* [Saved entries]:

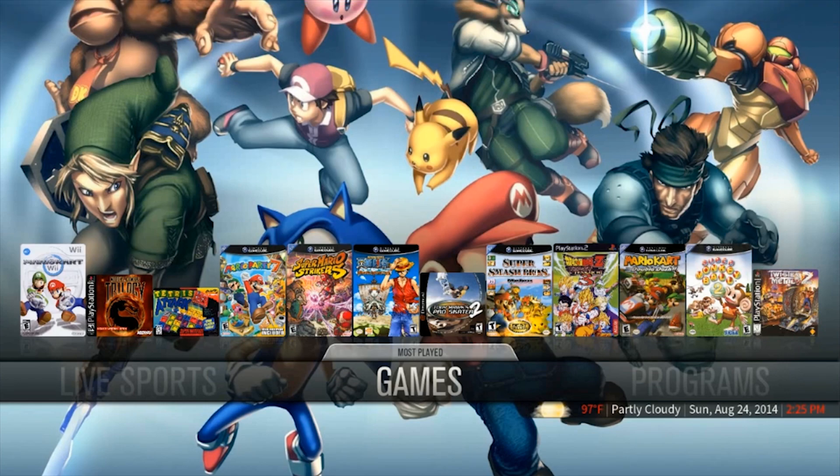What's up everybody, it's your boy Black Dynamite bringing you a special tutorial with the program called XBMC, showing you guys how to add your ROM collection to this program so you can use it as a front-end for all your emulation games and everything like that.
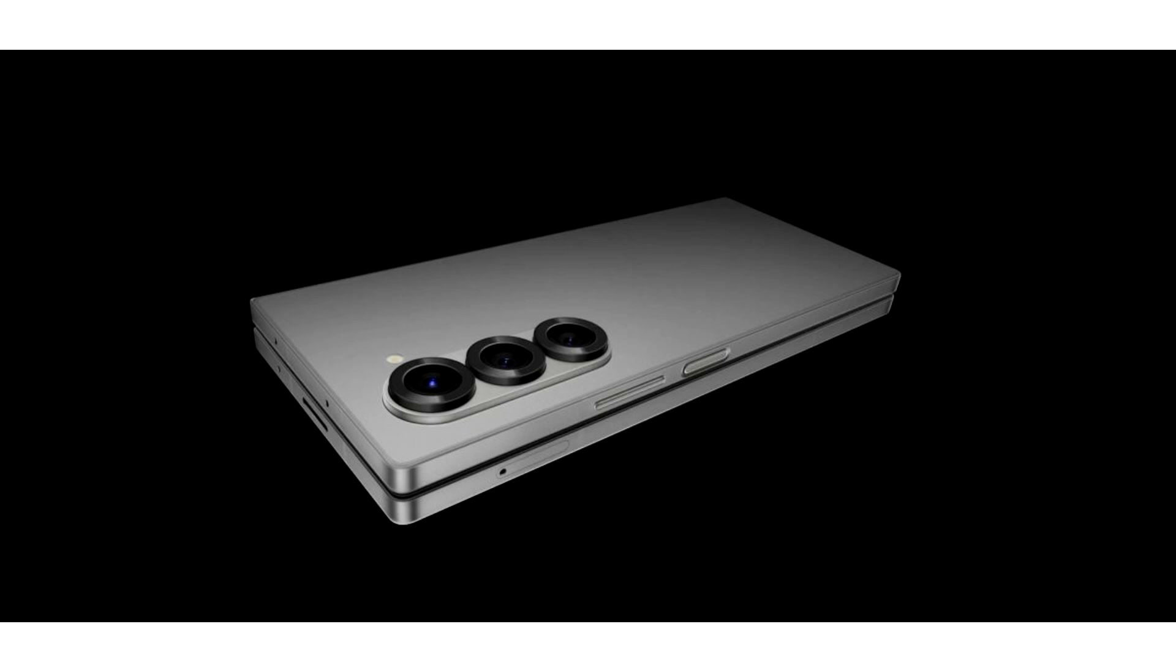Galaxy Z Fold 6 and Z Flip 6 were launched at Galaxy Unpacked 2024 with the foldable form factor and the inclusion of Galaxy AI. Before the release, the tech community had created quite the buzz about the potential design upgrades and hardware changes making their way to the series.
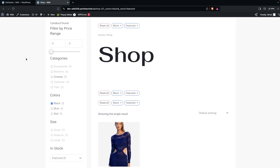This is how we can create a custom product filter on WooCommerce using the Filter Everything plugin. If you found this useful, hit the like button and subscribe to the channel.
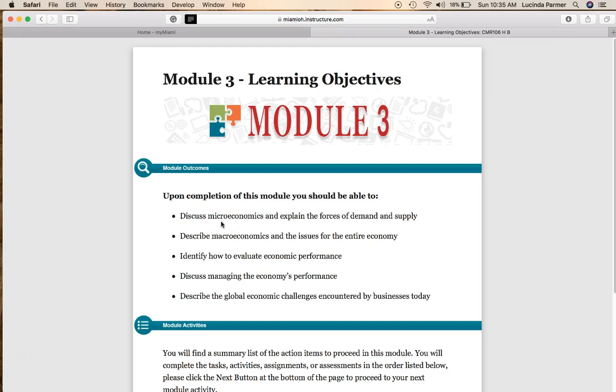Microeconomics looks at things from an individual level, a family or household level, and individual businesses — what they're spending money on and consumer behavior.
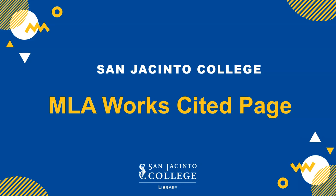In this video, you will learn how to set up your MLA Works Cited page. Let's get started.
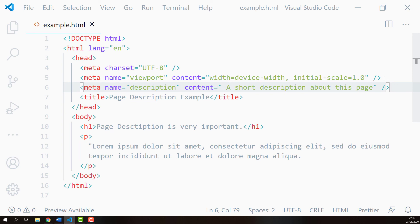That is how we add page description using HTML meta element. Thanks for watching, and if you have any questions, please let me know in the comments below.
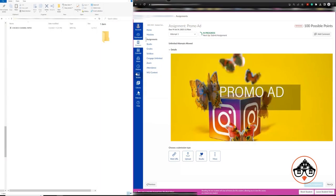Welcome, guys. In this tutorial today, I'm going to show you how to import a video to Studio Canvas.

* [GOAL OF THE EXERCISE]:
With the pictures left out, give again exactly the lines from the one that contains "Galaxy Z Fold" through the final line of the data above.

* [SOLUTION BELOW]:
Galaxy Z Fold 6 and Z Flip 6 were launched at Galaxy Unpacked 2024 with the foldable form factor and the inclusion of Galaxy AI. Before the release, the tech community had created quite the buzz about the potential design upgrades and hardware changes making their way to the series.
This is how we can create a custom product filter on WooCommerce using the Filter Everything plugin. If you found this useful, hit the like button and subscribe to the channel.
Microeconomics looks at things from an individual level, a family or household level, and individual businesses — what they're spending money on and consumer behavior.
In this video, you will learn how to set up your MLA Works Cited page. Let's get started.
That is how we add page description using HTML meta element. Thanks for watching, and if you have any questions, please let me know in the comments below.
Welcome, guys. In this tutorial today, I'm going to show you how to import a video to Studio Canvas.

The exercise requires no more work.